VERNON STEWART
The Metropolitan Inter-Faith Association (MIFA) of Memphis, Tennessee, encompasses more than 30 different programs, serving thousands of individuals. The MIFA Meals program feeds 3,000 people daily; 1,500 of those meals are delivered to frail, homebound citizens with the help of nearly 100 volunteers each weekday. In addition to the hot, balanced meals, the volunteers deliver lots of concern and smiles and provide a physical report on these isolated individuals that may have no one else to check on them.
Of the thousands of dedicated volunteers that the MIFA Meals program has had in its 23-year history, Vernon Stewart is one of the outstanding.

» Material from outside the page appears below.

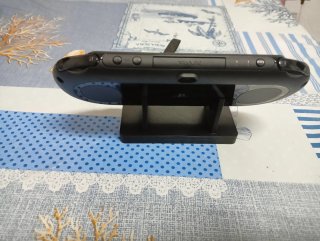 Supporto espositivo PS Vita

At 75 years of age, Stewart has delivered meals for almost 16 years. He presently drives his own vehicle three days per week on delivery routes in some of the roughest areas of Memphis.

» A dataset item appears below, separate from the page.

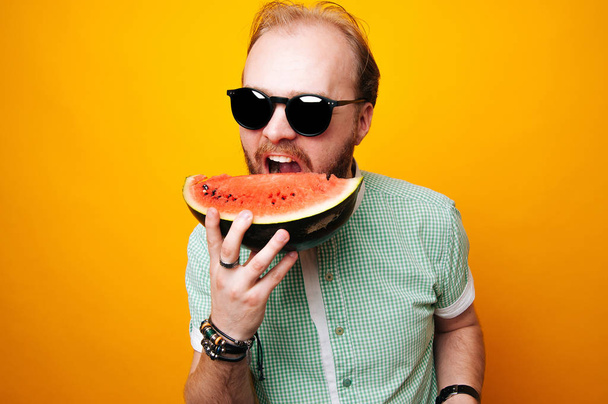 Szakállas ember eszik görögdinnye - Fotó, kép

For many years Stewart would volunteer five times week, sometimes taking more than one route at a time. He lets nothing stop his service to these needy residents. He has often completed his route despite illness and in all kinds of weather. Once, while on a route, he had an accident and was struck by a hit-and-run driver. Another time his car was stolen while he was delivering meals in a crime-infested area. Stewart also suffers from diabetes and serious vision impairment, but none of his ailments have kept him from serving others.
For a few years, Stewart’s vision became so poor that he was unable to drive. He refused to give up his volunteer service, so he became a part of the Red Cross Daily Hello program and made phone calls to isolated elderly people, giving them reassurance and friendship. Stewart’s energy was not long absorbed by telephone contact work, so he resumed his meal’s delivery volunteer service as a running partner for MIFA drivers. He would ride a city bus to MIFA, which entailed quite a walk to bus stops and a bus ride of more than 25 miles. With a supreme effort, treatment and specially designed glasses, Stewart was eventually able to regain his driving status and was joyous to be on his own again.

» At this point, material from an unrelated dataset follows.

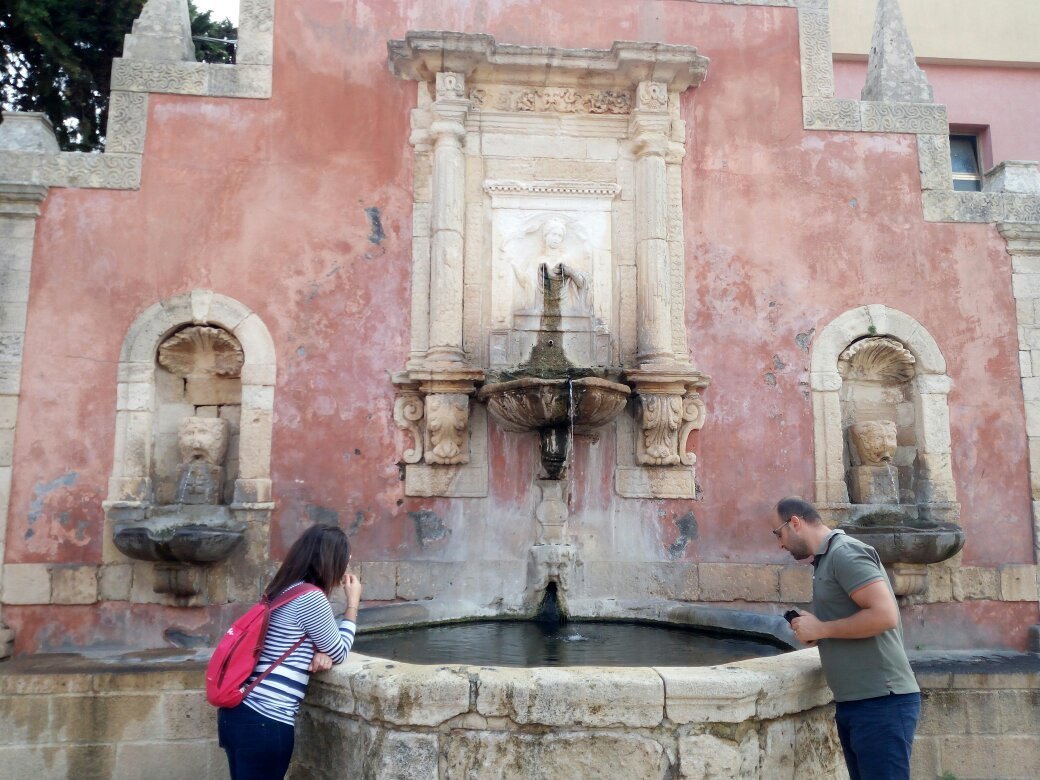 Fontana della Ninfa Zizza景点图片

In addition to being active in his church (Sunshine Chairman for ten years), Stewart has been a newspaper deliveryman for a non-profit service paper for seniors and a volunteer visitor for MIFA’s Coordinated Care Case Management program. In the latter capacity, he visited frail elderly people to offer needed support and assistance in arranging services for them. An estimate of the hours that Vernon Stewart has given MIFA alone would be 12,000 hours.